Oct. 1, 2015, will be a pivotal date for credit unions and other financial institutions, card processors, and retailers. That’s when the major card companies will implement a “liability shift ” for point-of-sale card purchases. To prepare, most credit unions with card programs are converting to the EMV (Europay, MasterCard, and Visa) chip standard.
The U.S. is one of the last countries to convert to this global standard, which originated in 1994. EMV cards have considerably curtailed fraud in card present transactions in Europe, Australia, Brazil, and Canada, among other countries, and could cut losses by 40-60% in the U.S., according to PSCU, a card services provider.
The October date means that responsibility for losses in domestic point-of-sale transactions will shift to the “least secure” entity—for example, card issuers if the merchant device is EMV-compliant and issuers’ cards aren’t. Other deadlines related to the EMV chip standard will follow.

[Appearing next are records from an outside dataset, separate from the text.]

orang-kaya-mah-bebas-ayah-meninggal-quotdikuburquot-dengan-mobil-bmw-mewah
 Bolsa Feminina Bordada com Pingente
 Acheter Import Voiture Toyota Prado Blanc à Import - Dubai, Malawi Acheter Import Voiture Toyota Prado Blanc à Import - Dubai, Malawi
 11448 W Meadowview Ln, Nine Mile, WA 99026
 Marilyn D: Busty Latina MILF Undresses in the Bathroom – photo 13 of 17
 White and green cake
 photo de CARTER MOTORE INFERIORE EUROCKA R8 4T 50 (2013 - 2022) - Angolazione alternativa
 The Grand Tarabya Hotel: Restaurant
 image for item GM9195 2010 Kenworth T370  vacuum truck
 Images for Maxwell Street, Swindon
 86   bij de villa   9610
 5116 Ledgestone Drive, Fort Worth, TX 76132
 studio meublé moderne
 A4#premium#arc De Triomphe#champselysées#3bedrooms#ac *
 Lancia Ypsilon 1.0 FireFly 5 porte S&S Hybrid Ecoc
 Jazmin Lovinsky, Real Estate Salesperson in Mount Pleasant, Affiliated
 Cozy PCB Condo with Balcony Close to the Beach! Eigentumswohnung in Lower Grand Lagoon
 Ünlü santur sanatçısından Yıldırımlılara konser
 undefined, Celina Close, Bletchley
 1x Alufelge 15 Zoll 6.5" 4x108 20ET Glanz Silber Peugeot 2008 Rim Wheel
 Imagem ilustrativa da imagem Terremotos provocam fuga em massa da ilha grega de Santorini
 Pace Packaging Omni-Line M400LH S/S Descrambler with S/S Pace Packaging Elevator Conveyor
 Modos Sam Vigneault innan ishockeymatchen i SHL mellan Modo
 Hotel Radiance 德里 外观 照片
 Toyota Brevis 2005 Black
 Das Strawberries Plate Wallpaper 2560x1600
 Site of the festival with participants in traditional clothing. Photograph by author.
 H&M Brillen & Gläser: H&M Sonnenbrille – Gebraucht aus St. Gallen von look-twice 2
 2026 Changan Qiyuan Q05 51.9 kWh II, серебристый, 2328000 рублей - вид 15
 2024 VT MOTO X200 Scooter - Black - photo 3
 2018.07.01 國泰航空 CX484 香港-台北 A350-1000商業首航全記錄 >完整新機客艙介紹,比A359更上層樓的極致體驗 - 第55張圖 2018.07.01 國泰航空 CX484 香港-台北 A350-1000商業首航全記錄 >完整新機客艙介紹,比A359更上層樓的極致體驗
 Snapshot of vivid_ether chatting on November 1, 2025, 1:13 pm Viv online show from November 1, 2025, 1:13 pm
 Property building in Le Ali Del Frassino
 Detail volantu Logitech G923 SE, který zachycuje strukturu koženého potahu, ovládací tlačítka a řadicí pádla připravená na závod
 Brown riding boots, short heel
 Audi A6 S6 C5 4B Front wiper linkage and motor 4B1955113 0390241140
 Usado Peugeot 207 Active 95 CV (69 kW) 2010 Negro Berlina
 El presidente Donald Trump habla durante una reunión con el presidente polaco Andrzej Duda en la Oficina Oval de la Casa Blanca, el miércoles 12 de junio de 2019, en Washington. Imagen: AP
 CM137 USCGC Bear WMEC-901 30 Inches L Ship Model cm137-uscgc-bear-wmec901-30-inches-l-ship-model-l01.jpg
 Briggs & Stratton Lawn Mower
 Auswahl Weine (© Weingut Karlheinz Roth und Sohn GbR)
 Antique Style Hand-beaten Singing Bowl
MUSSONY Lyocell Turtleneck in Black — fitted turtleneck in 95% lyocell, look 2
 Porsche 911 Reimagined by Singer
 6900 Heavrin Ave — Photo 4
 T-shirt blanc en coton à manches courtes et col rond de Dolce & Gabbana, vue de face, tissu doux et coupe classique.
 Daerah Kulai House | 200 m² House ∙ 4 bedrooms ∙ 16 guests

EMV isn’t a panacea for fraud—it doesn’t address card-not-present and online transactions—but it’s a more secure format than magnetic stripe cards for several reasons, according to EMV Connection:
• The embedded microprocessor chip stores information securely, performs cryptographic processing during a transaction, and carries security credentials the card issuer encodes at personalization. These credentials prevent card skimming and card cloning.
• The card is authenticated and the cardholder is verified during EMV transactions. Those steps guard against unauthorized transactions using lost or stolen cards.
• EMV transactions create dynamic data, so fraudsters can’t use captured data to execute additional transactions.
Four stages of readiness
Credit unions fall into four stages of readiness in converting to the EMV standard, including:
1. Early adoption. That includes credit unions such as $4 billion asset United Nations Federal Credit Union in Long Island City, N.Y. It began issuing EMV cards years ago to serve its membership, which relies on smartcard technology when traveling abroad.
2. Staggered migration. The $456 million asset Sun Federal Credit Union in Toledo, Ohio, and $87 million asset Georgetown (S.C.) Kraft Credit Union are among those implementing phased rollouts, either already in progress or starting early this year. Many credit unions have staggered credit and debit release depending on which poses more fraud risk for their members.
3. Strategy development. Credit unions such as $27 million asset PA HealthCare Credit Union in Sewickley, Pa., have yet to finalize EMV conversion details. They’re waiting on production timelines or pricing options from vendors, so their conversions will extend beyond the liability shift date.
4. Wait-and-see. That label applies to as many as 31% of credit unions that don’t plan to convert to EMV in the next two years, according to CUNA’s 2014 Technology Spending Survey. That’s either because the credit unions have limited fraud risk—as is the case at $13 million asset North East (Pa.) Welch Credit Union, which suffered just $85 in fraud losses in 2014—or they have limited resources.
Compared with major banks, “credit unions are behind on issuing and converting cards to the EMV format,” Russell Palmer, card services manager at Spokane (Wash.) Teachers Credit Union, says in a new CUNA Operations, Sales & Service white paper. The $1.9 billion asset credit union released EMV-enabled credit cards to its international travelers, and plans to reissue all cards in that format this summer.
Less than 5% of credit unions have completed the conversion, and more than half likely will miss the liability shift deadline, according to payment processing firms. But by year-end 2015, the Aite Group estimates 70% of credit cards and 41% of debit cards issued in the U.S. by all financial services institutions will be EMV-enabled.
“It’s still early in the adoption process for the U.S., with a small but growing percentage of issuers using EMV,” says Michelle Thornton, manager of core products for CO-OP Financial Services.
The silver lining to a staggered migration? Credit unions that encounter obstacles can seek advice from those further down the road to EMV conversion, the white paper suggests.
“Other credit unions are in the same place, and others are ahead of and behind you. Reach out and learn from your peers,” says Dean Stewart, senior director of self-service product management at Diebold Inc., a CUNA Strategic Services alliance provider, in the white paper.